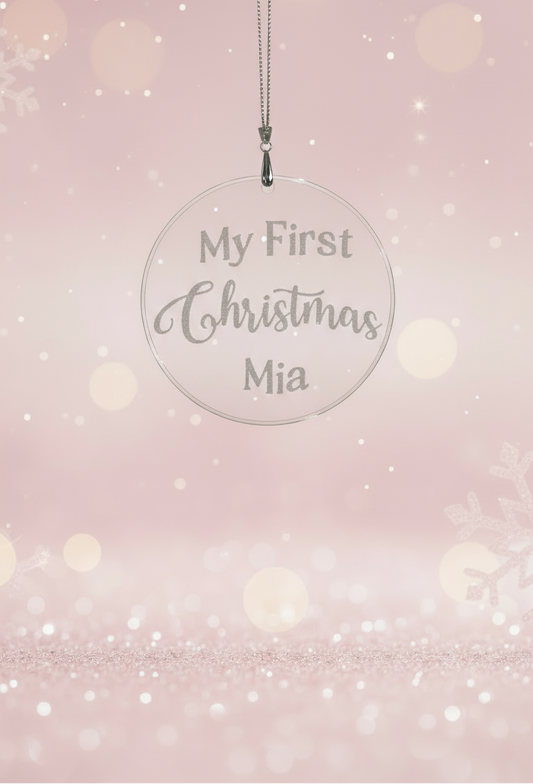 Weihnachts Anhänger, Kristall, Rund und personalisiert.
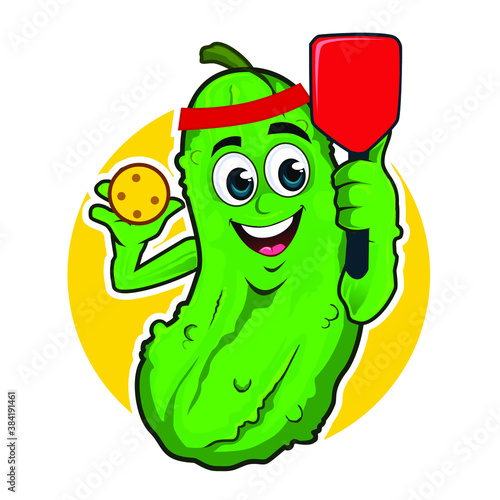 Pickle mascot cartoon in vector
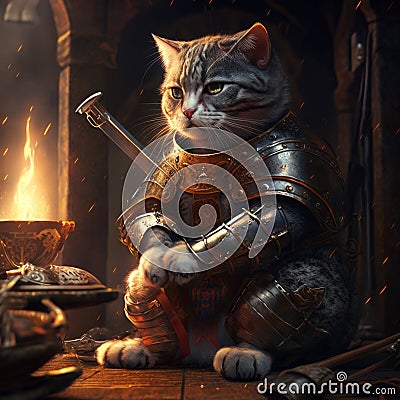 AI generated illustration of an adorable fluffy cat in a suit of armor Cartoon Illustration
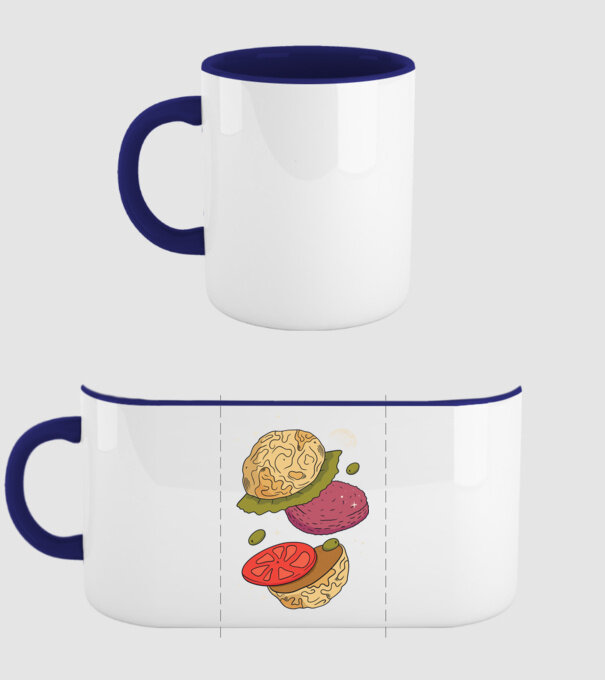 Burger lună model albastru închis pe tricou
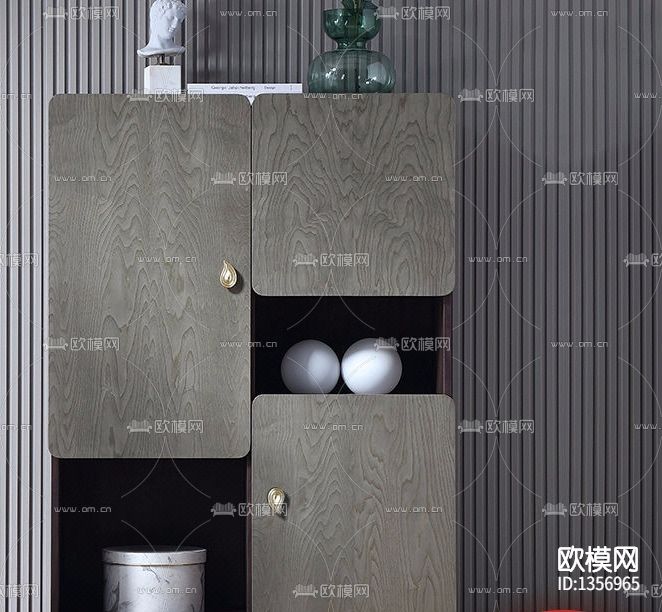 现代轻奢创意实木储物柜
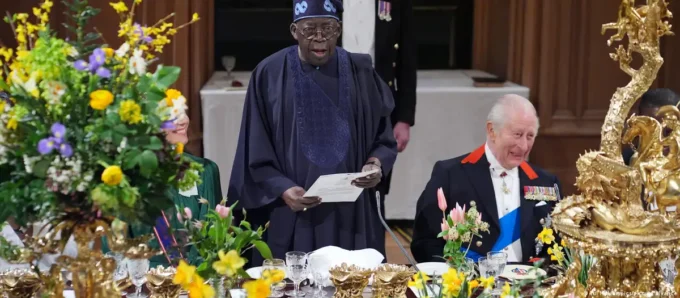 Bola Tinubu and King Charles delivered speeches at a lavish state banquetImage: Yui Mok/empics/picture alliance
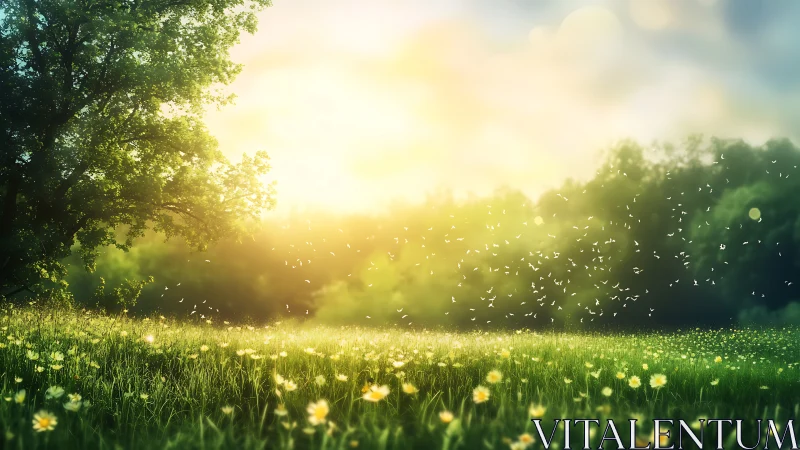 Summer meadow sunrise with glowing bokeh light effects.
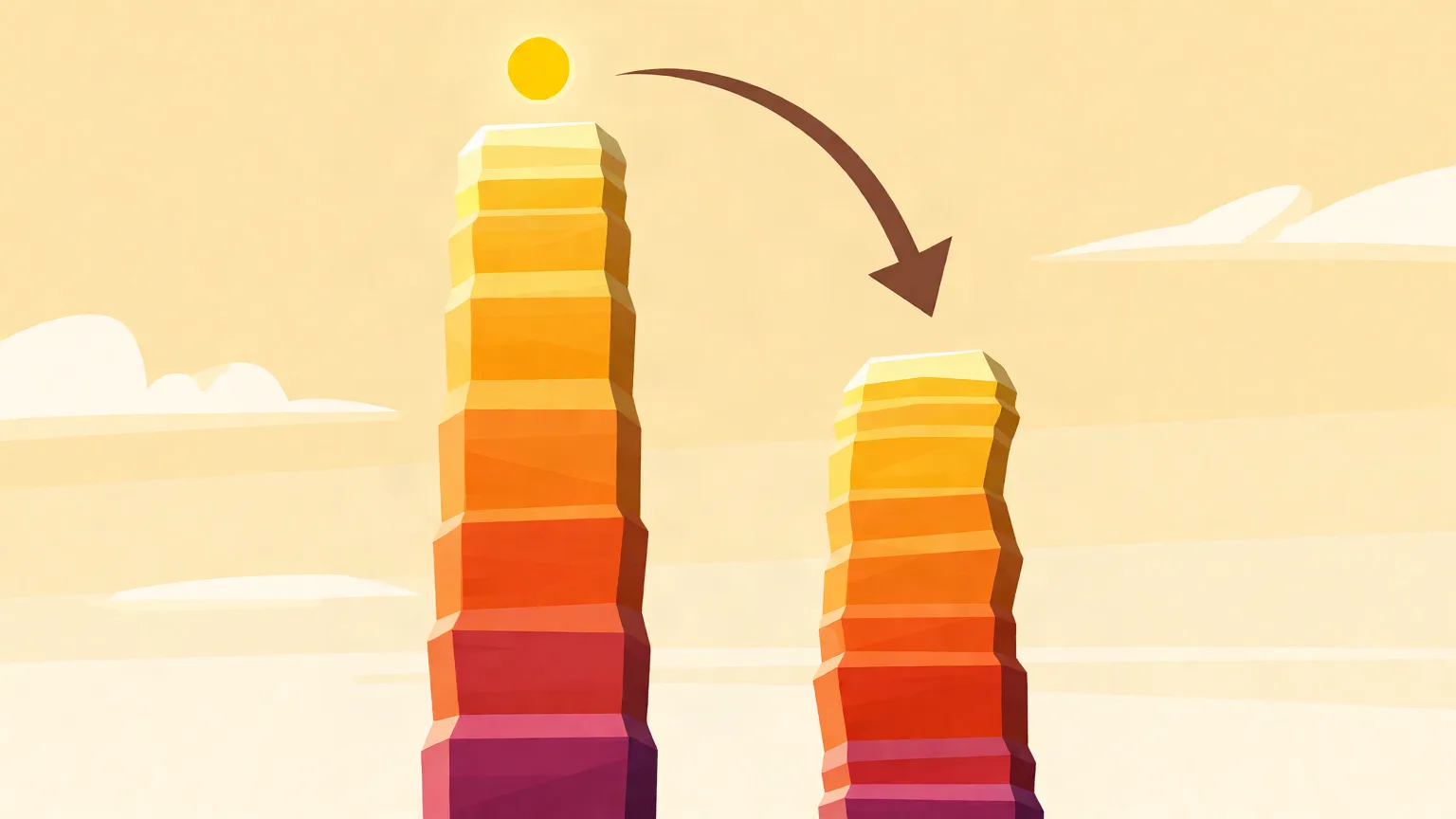 Two stacked brightness ladders side by side, the left one much taller with a sun above it, an arrow curving from its top down to the shorter ladder on the right.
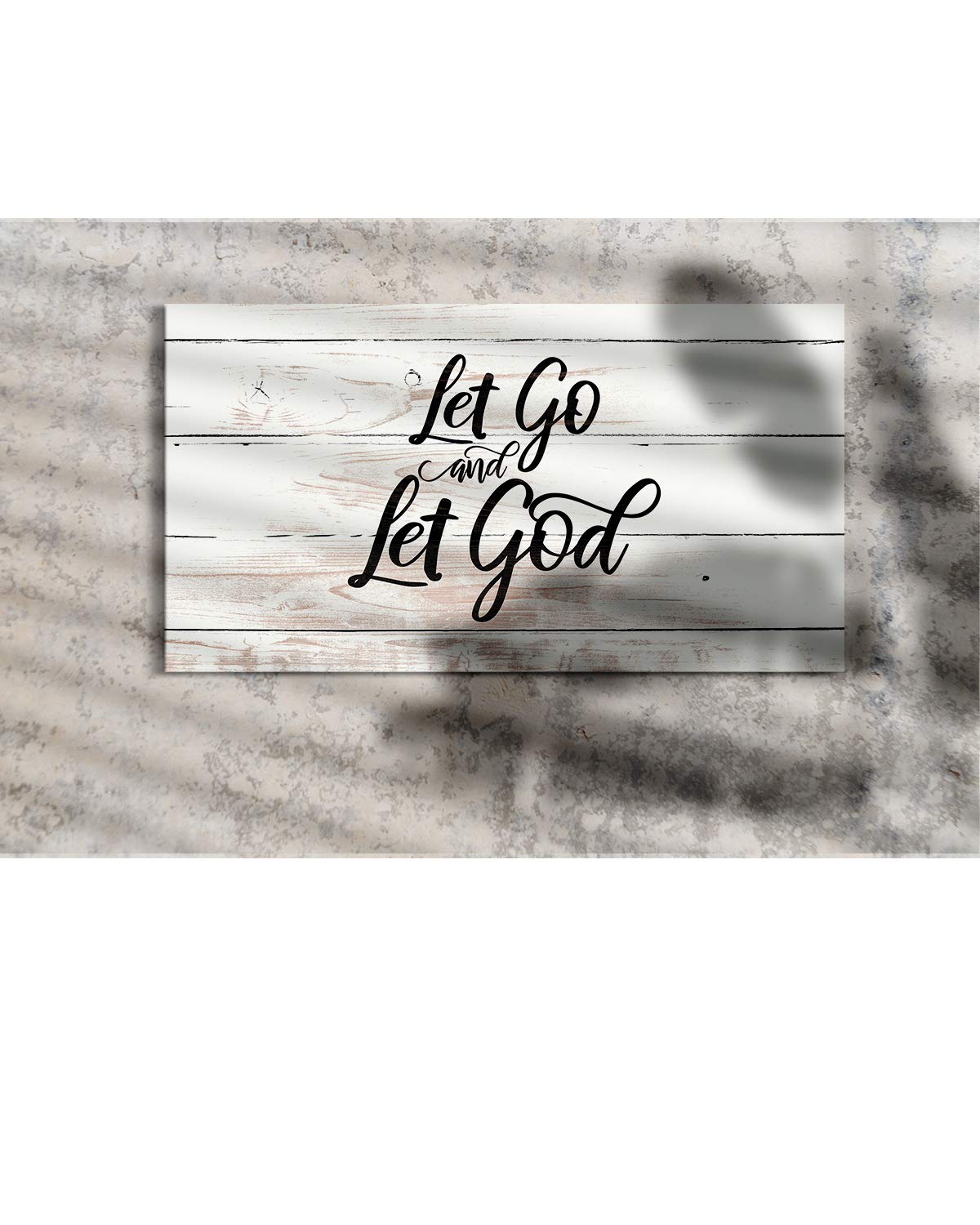 Let Go and Let God - Religious Wall Decor Art Canvas with Woodgrain Background (Not Printed on Wood) - Ready to Hang - Great for above a couch, table, bed or more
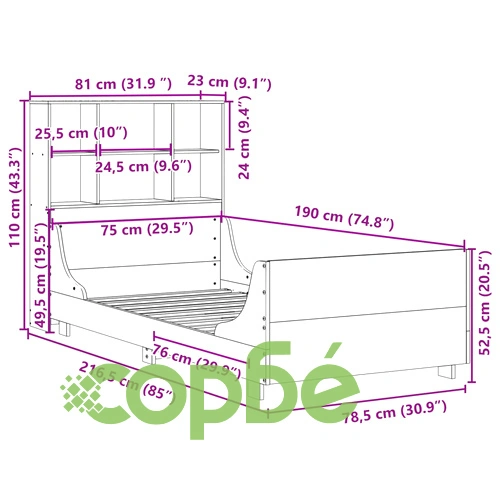 Единично легло от масивна борова дървесина с етажерка за книги, 75x190 см, восъчнокафяво ➤ топ цена ➤ sorbe.bg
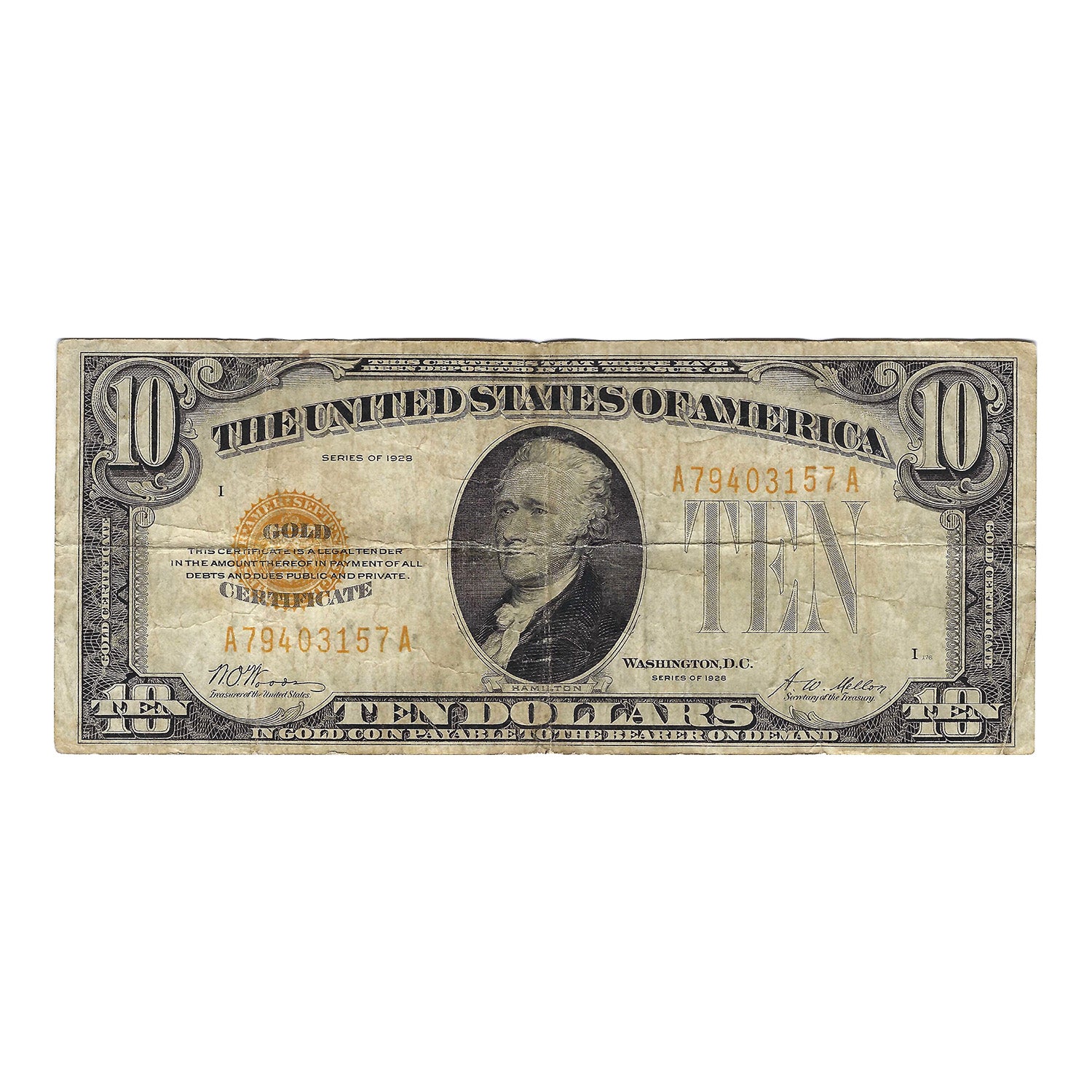 1928 $10 Small Size Gold Certificate Woods-Mellon Circulated Condition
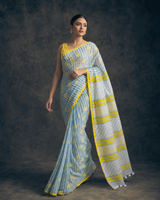 With Yellow Premium Linen Cotton Saree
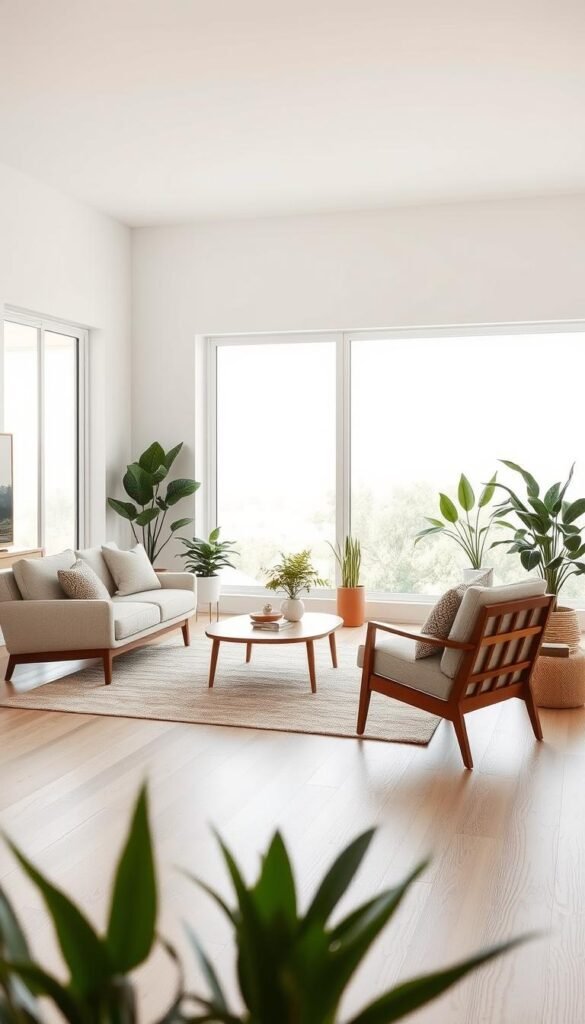 A modern, minimalist living room with clean lines and natural textures. In the foreground, a cozy yet stylish arrangement of a mid-century modern sofa, armchair, and coffee table, positioned to create a conversational flow. In the middle ground, a large area rug and potted plants add warmth and depth. The background features bright, diffused natural lighting through large windows, overlooking a serene outdoor scene. The overall mood is one of calm, open, and balanced design, showcasing essential furniture placement guidelines for an open living room layout. A modern, minimalist living room with clean lines and natural textures. In the foreground, a cozy yet stylish arrangement of a mid-century modern sofa, armchair, and coffee table, positioned to create a conversational flow. In the middle ground, a large area rug and potted plants add warmth and depth. The background features bright, diffused natural lighting through large windows, overlooking a serene outdoor scene. The overall mood is one of calm, open, and balanced design, showcasing essential furniture placement guidelines for an open living room layout.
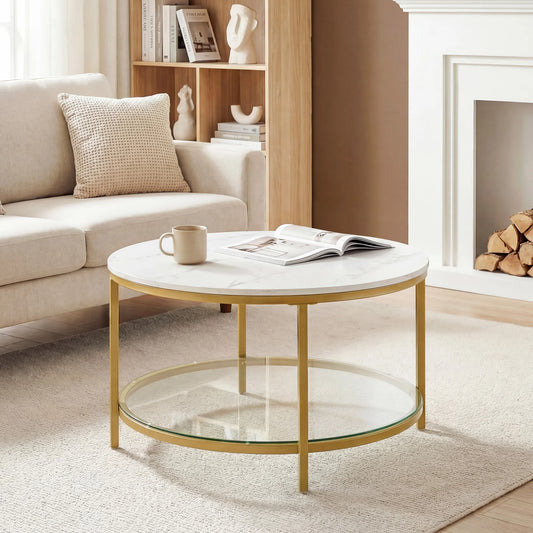 31" Modern Marble Round Coffee Table, 2-Tier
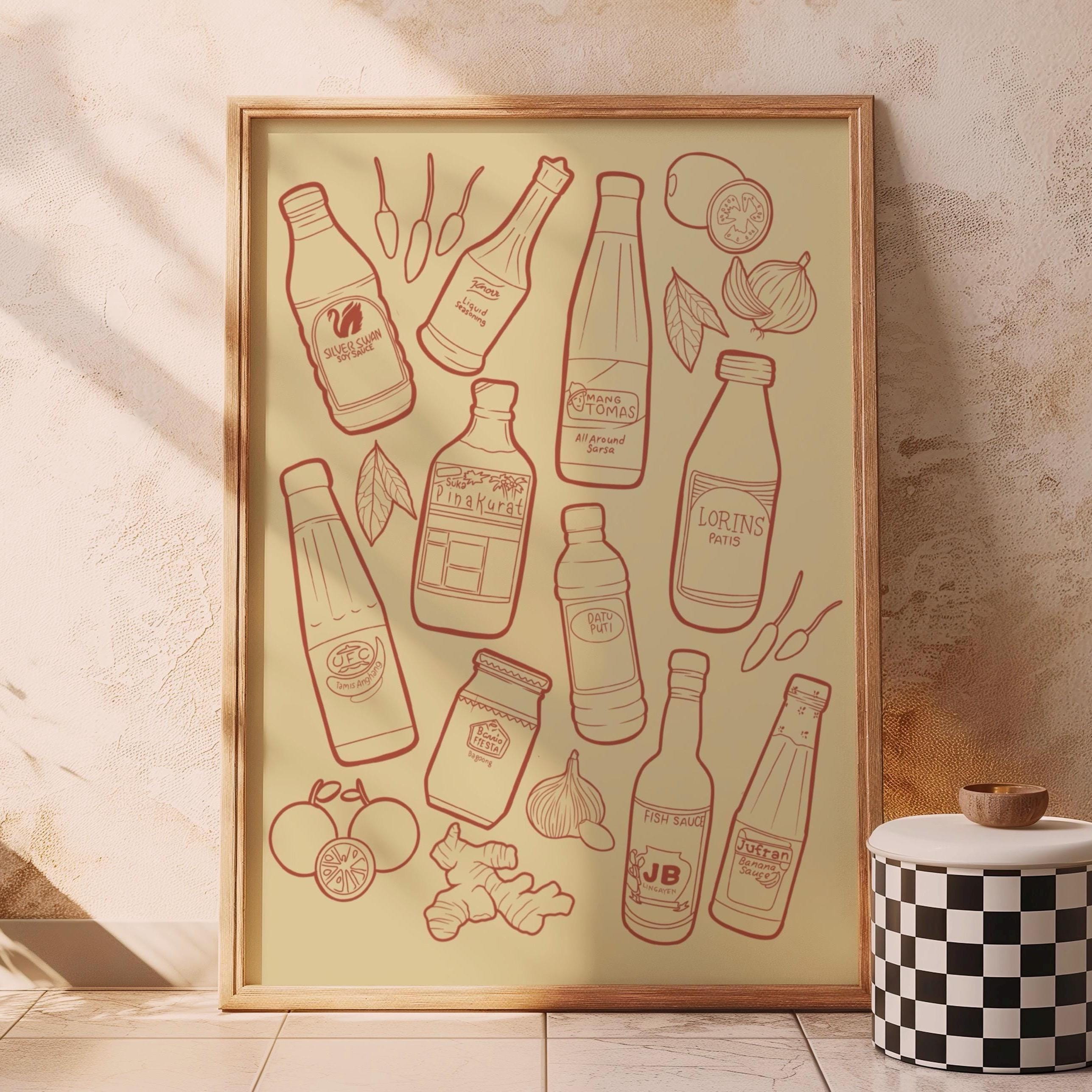 Filipino Pantry Condiments Printable Poster, Philippines Wall Art Decor, Home and Kitchen Prints, Digital Download, Retro Wall Artworks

:::::

:: How to complete this task ::
Reproduce, with the pictures omitted, exactly those lines that run from the line with "Bola Tinubu and" to the last line of the material, both ends included.

:: Output below ::
 Bola Tinubu and King Charles delivered speeches at a lavish state banquetImage: Yui Mok/empics/picture alliance
 Summer meadow sunrise with glowing bokeh light effects.
 Two stacked brightness ladders side by side, the left one much taller with a sun above it, an arrow curving from its top down to the shorter ladder on the right.
 Let Go and Let God - Religious Wall Decor Art Canvas with Woodgrain Background (Not Printed on Wood) - Ready to Hang - Great for above a couch, table, bed or more
 Единично легло от масивна борова дървесина с етажерка за книги, 75x190 см, восъчнокафяво ➤ топ цена ➤ sorbe.bg
 1928 $10 Small Size Gold Certificate Woods-Mellon Circulated Condition
 With Yellow Premium Linen Cotton Saree
 A modern, minimalist living room with clean lines and natural textures. In the foreground, a cozy yet stylish arrangement of a mid-century modern sofa, armchair, and coffee table, positioned to create a conversational flow. In the middle ground, a large area rug and potted plants add warmth and depth. The background features bright, diffused natural lighting through large windows, overlooking a serene outdoor scene. The overall mood is one of calm, open, and balanced design, showcasing essential furniture placement guidelines for an open living room layout. A modern, minimalist living room with clean lines and natural textures. In the foreground, a cozy yet stylish arrangement of a mid-century modern sofa, armchair, and coffee table, positioned to create a conversational flow. In the middle ground, a large area rug and potted plants add warmth and depth. The background features bright, diffused natural lighting through large windows, overlooking a serene outdoor scene. The overall mood is one of calm, open, and balanced design, showcasing essential furniture placement guidelines for an open living room layout.
 31" Modern Marble Round Coffee Table, 2-Tier
 Filipino Pantry Condiments Printable Poster, Philippines Wall Art Decor, Home and Kitchen Prints, Digital Download, Retro Wall Artworks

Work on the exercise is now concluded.